We use industry-standard and scientifically-backed data and check it against other data sources, studies, and reviews to ensure that our data is always up-to-date. Cross-verifying every data point allows us to validate supply chain events accurately.

What about greenwashing? Not happening. We will always use worst-case scenario estimations.  If missing data is necessary to conduct impact analysis, we automatically assume the worst.  Therefore, when verified data is input through our platform, it increases the Data Quality Rating (DQR) and the product's estimated impact. For example, in the apparel industry, rather than just looking at the impact of a specific material, we look at what material certifications a product has, where the product was manufactured, and what particular processes the material went through (knitting vs. weaving) to increase the accuracy of the information. You can read more about the steps we take here on our website. 

Most data points are updated regularly, but some aren’t. Being clear about this is essential for our transparency and to show that even though data may be perfect, it can be misused. This DQR system also flags missing data points within the cradle-to-gate process for our LCA experts to calculate and fill in the details based on other peer-reviewed studies. 

Innovative (Automated & Fast):

Innovation drives everything we do here at Arbor — whether it's coming up with new design ideas or improving existing processes — we strive to push boundaries every day so that we can continue to build a better product for our clients and a more transparent, sustainable present for their customers.

That’s why we built a tool that is automated and easy to use. 

What automation does is offer businesses a way to increase the accuracy of the data they need by reducing human error. It saves time automating pulling in all your products, identifying the material composition, and categorizing it all on a product-level basis, all the while using methodologies that keep brands in check with regulatory guidelines. We also increase accuracy by mapping out essential stages of a product's journey making it easier for scope 3 reporting, where the majority of carbon emissions are emitted. 

 

The automated inputs feed into the Arbor engine to produce outputs that are valuable to businesses and consumers.

 

Like insurance, we need a standardized way to calculate. There is a need for the majority of impact measure solutions to have a standardized way to compare between industries. The EU is pushing for this standardization with its Green Deal, which states: “Companies making ‘green claims’ should substantiate these against a standard methodology to assess their impact on the environment” This ensures that information regarding the environmental performance of businesses and products are reliable, comparable, and verifiable across the EU, to mitigate deceptive claims and greenwashing practices. 

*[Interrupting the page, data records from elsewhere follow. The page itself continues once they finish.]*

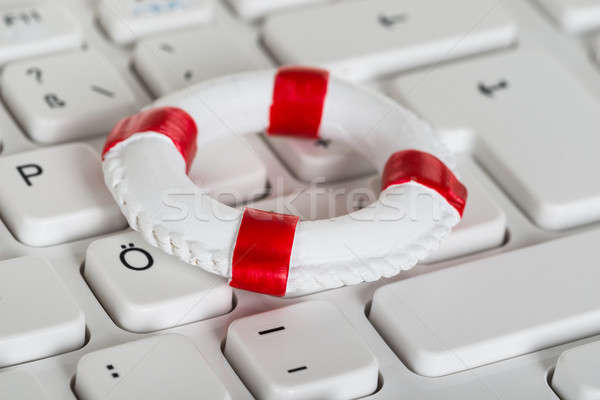 Lifebelt On Keyboard Stock photo © AndreyPopov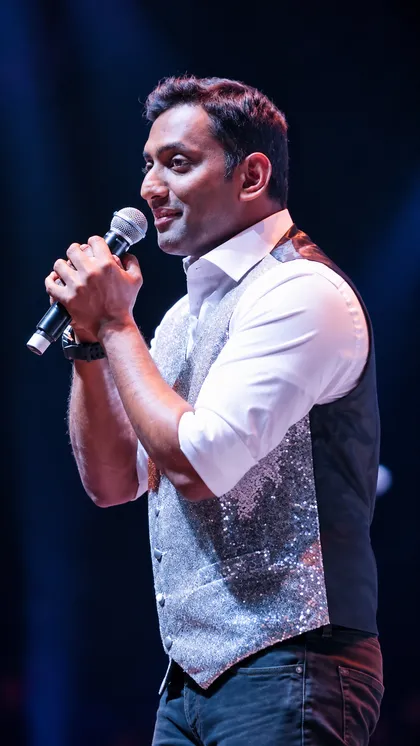 Sudeesh KM singing on stage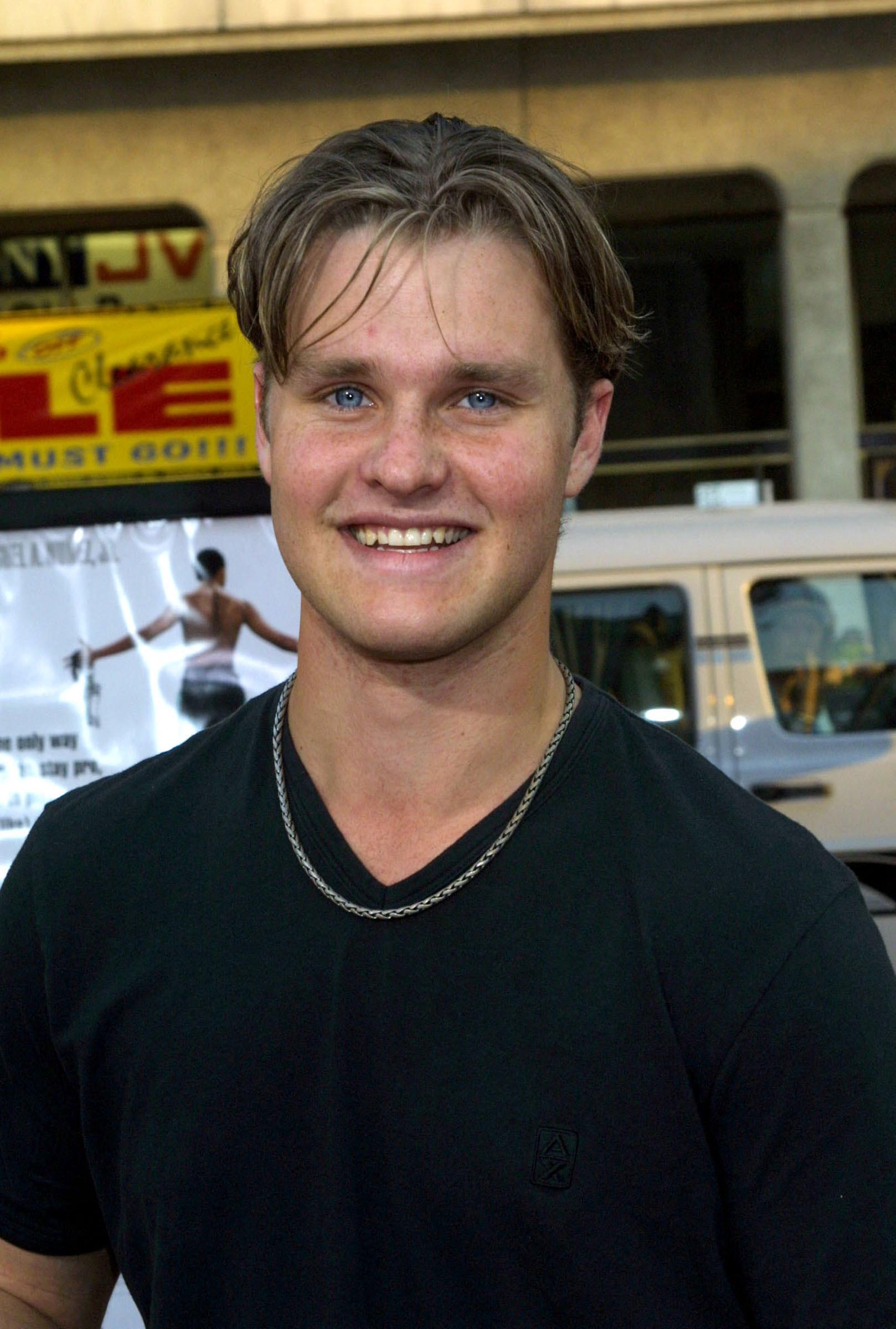 Zachery Ty Bryan posing on the red carpet. 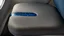 Placeholder: close up on wet spot on airplane seat cushion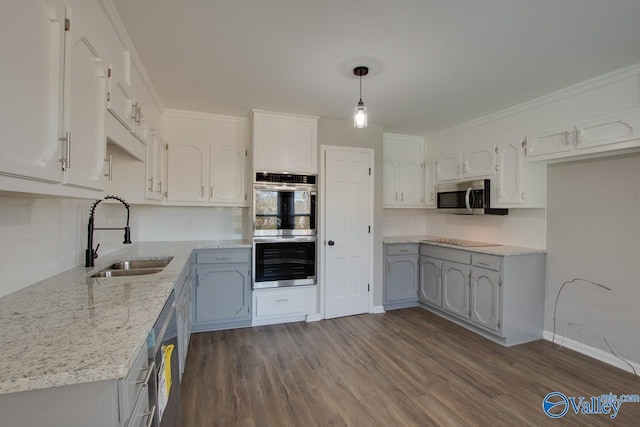 kitchen with pendant lighting, sink, stainless steel appliances, and white cabinets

What this means for the future:

Arbor is more than just an impact measurement tool; it is an engine that analyzes environmental data to educate businesses with tools to help them get it right. For brands and platforms who are looking to make a difference in the world, our engine provides the speed and automation needed to see the data more clearly and understand the impact of products. This insight is critical for making decisions that not only benefit stakeholders but also help preserve our planet. With regulations, and legislation –and not to mention climate change– being real and pressing concerns, our engine can save time in collecting data so that brands can begin working on their transition to a more sustainable future.

As Drake said, “I am trying to do better than good enough.”  We're very proud of what we've achieved, but we're even more excited about where we're headed next.